------ Input for this task ------
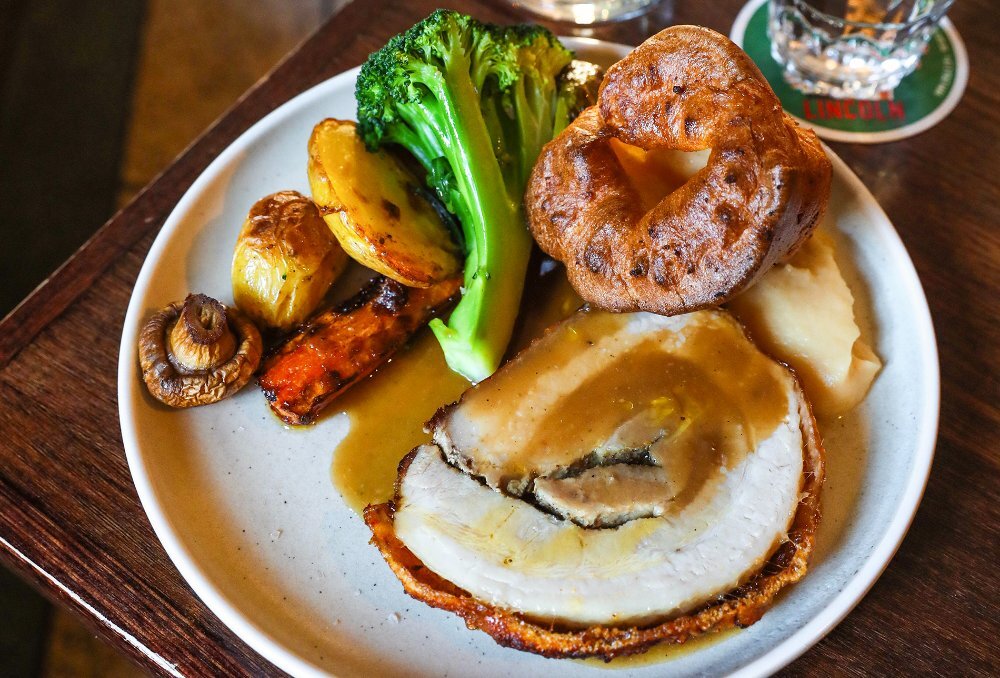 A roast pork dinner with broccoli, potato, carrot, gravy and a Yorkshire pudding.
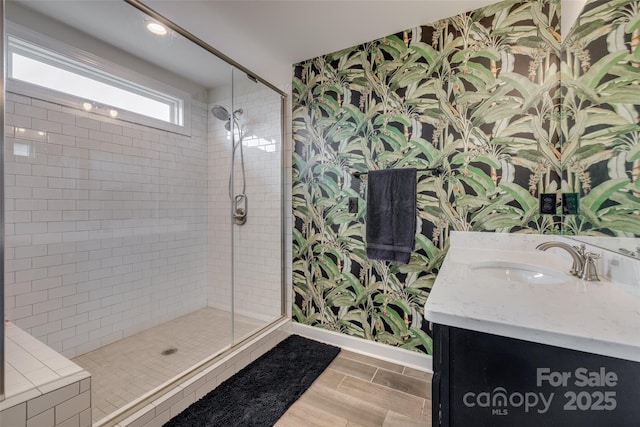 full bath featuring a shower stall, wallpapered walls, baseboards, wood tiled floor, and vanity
------
------ Input for this task ------
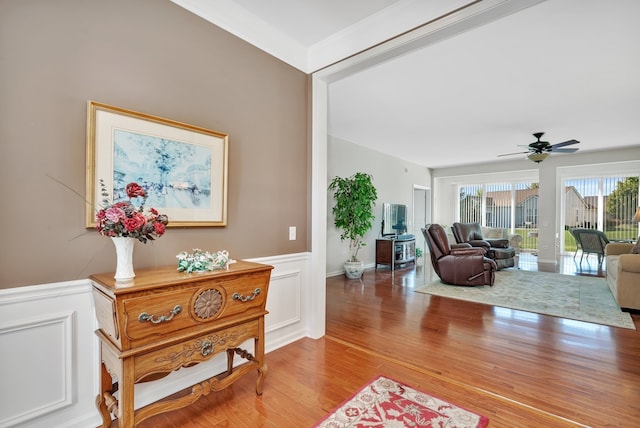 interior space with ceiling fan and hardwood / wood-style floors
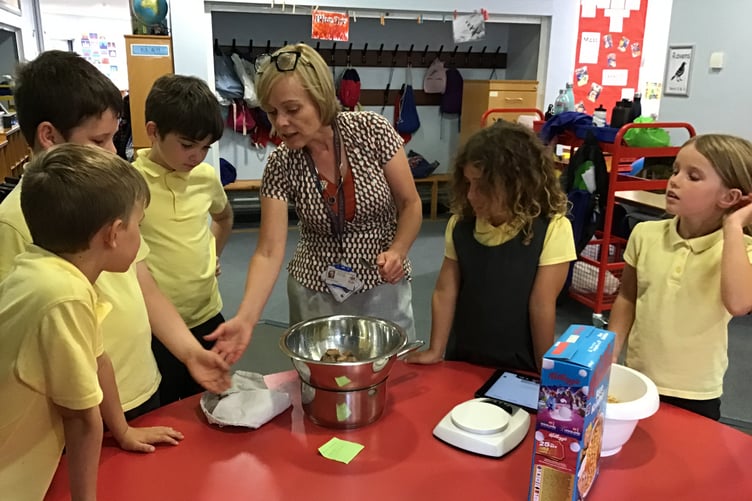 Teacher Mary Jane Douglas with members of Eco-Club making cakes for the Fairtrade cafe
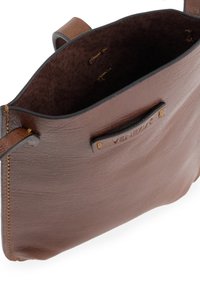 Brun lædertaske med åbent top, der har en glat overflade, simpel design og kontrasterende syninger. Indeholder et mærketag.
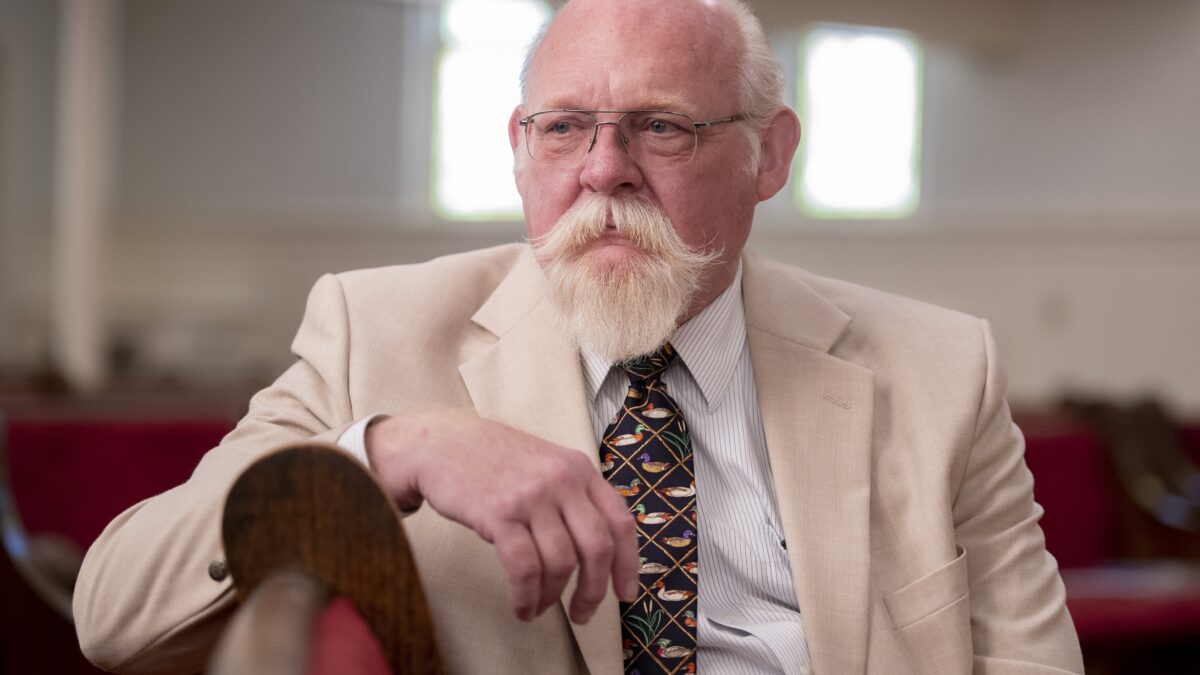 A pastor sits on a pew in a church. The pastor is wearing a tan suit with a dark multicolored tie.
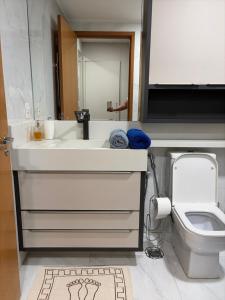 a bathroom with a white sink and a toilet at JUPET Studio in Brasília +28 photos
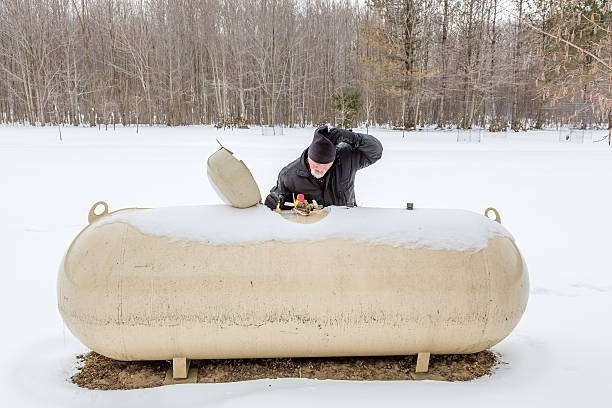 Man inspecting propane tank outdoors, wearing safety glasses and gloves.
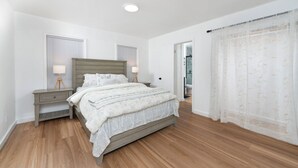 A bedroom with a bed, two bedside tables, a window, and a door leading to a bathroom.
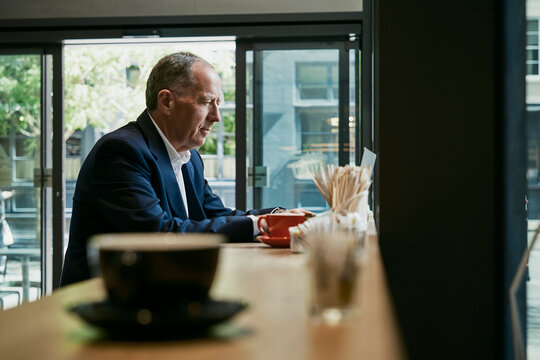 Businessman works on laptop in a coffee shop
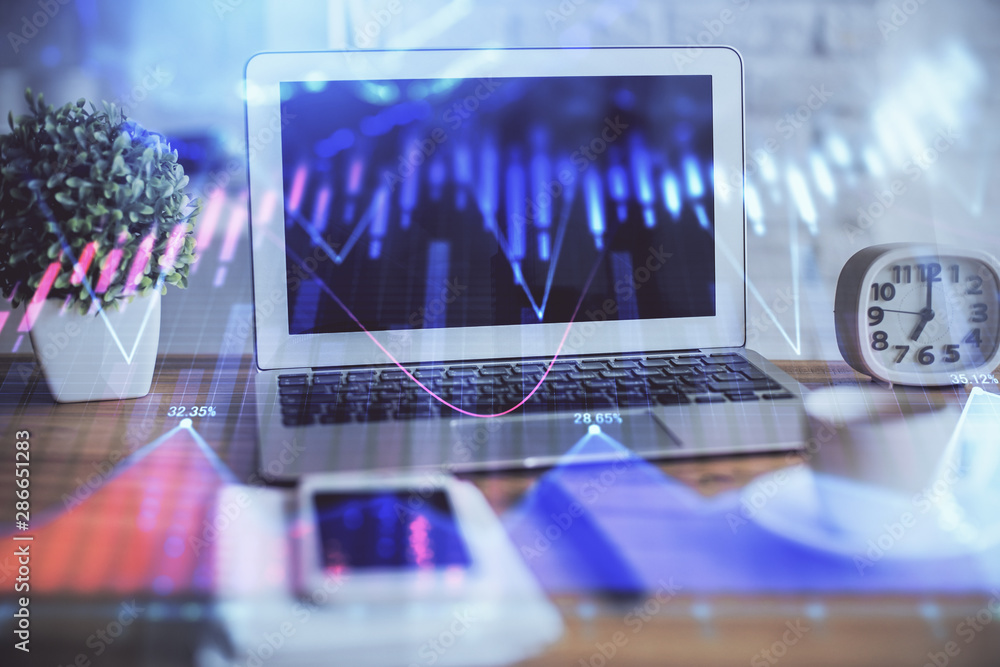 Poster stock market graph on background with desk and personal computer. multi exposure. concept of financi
------
Having found the line with "A roast pork" and the line with "full bath featuring" in the material above, write out exactly those two and every line between, leaving the pictures out.

### Task result
 A roast pork dinner with broccoli, potato, carrot, gravy and a Yorkshire pudding.
 full bath featuring a shower stall, wallpapered walls, baseboards, wood tiled floor, and vanity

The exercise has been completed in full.